Two mechanisms, one paper

The paper identifies two distinct channels through which proxy-imputed race corrupts a regression-based fairness audit.

Mechanism 1 — intrinsic mixing. BIFSG assigns each individual a predicted group based on surname, first name, and census geography. When someone from true group k is assigned to predicted group j, their outcome enters j’s regression. The proxy group’s coefficient is therefore a confusion-matrix-weighted average of the true group coefficients. Because White is the largest group in the US data (1.85 million NC voter records), it dominates every weighted average. Every minority group’s proxy coefficient is pulled toward the White baseline. This is not a data artefact — it is arithmetic. It happens on any book where one group is numerically dominant.

Mechanism 2 — structured correlated errors. BIFSG’s misclassification rate is not random. It varies systematically with ZIP code racial composition and socioeconomic status. Errors are not mean-zero conditional on outcomes. This generates spurious associations in the regression output that go beyond what mixing alone predicts.
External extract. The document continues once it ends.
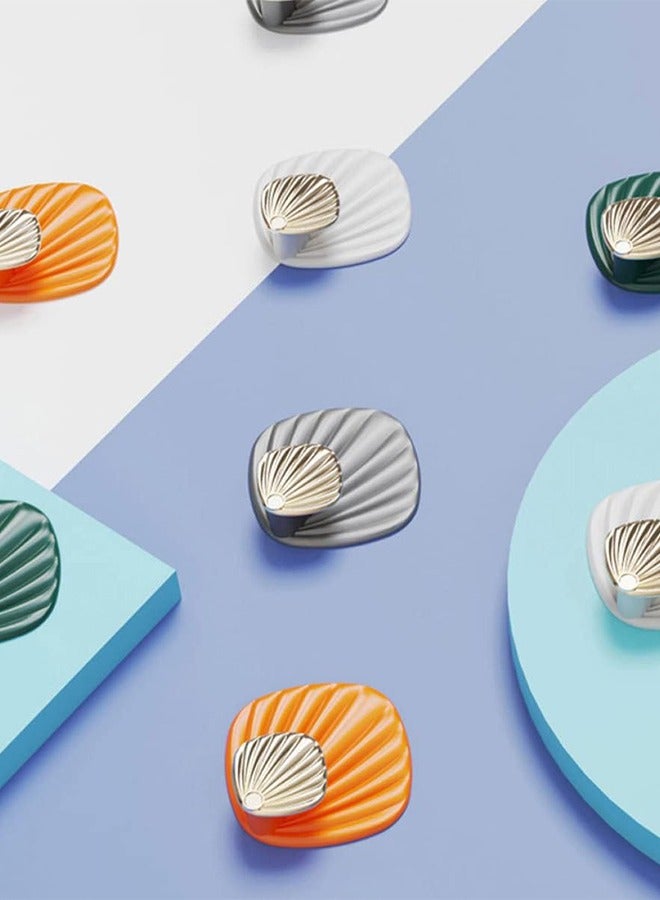 4 قطعة لزجة هوك ، هوك الجدار الديكور الثقيلة ل ، الذاتي لاصق هوك الجدار لتزيين الجدار حامل المفتاح ، الذاتي لاصق هوك الجدار للمدخل / الباب / الحمام / المطبخ ( 4 ألوان ) - Image 2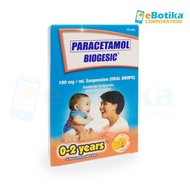 Biogesic (Paracetamol) Oral Drops 100mg/15ml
The pattern of errors reflects the joint distribution of surnames, geography, and socioeconomic variables in the underlying Census data.

These two mechanisms are separable analytically, and only the first transfers directly to UK practice. Mechanism 2 is specific to the BIFSG architecture and to US Census geography. The UK equivalents — LSOA-level ethnic composition from Census 2021, or ONS name lists — have different error structures, and whether their errors are mean-zero conditional on outcomes is an open empirical question that has not been studied with UK insurance data.

The finding that matters most

The headline most commentators took from early versions of this work — “proxy audits underestimate disparity by 20–40%” — is wrong as a general statement. The paper’s actual finding is more uncomfortable.

Using NC voter data with ground-truth race (1.85 million individuals), the authors compare audit results under true race against audit results under BIFSG-imputed race, with SES controls. The results:

Black disparity is overestimated by approximately 31% under proxy. The proxy audit overstates the Black-White gap.
Asian and Hispanic disparities are underestimated under proxy. The proxy audit understates those gaps.
BIFSG accuracy varies by group: White 86%, Black 74%, Hispanic 74%, Asian 67%, Others 20%.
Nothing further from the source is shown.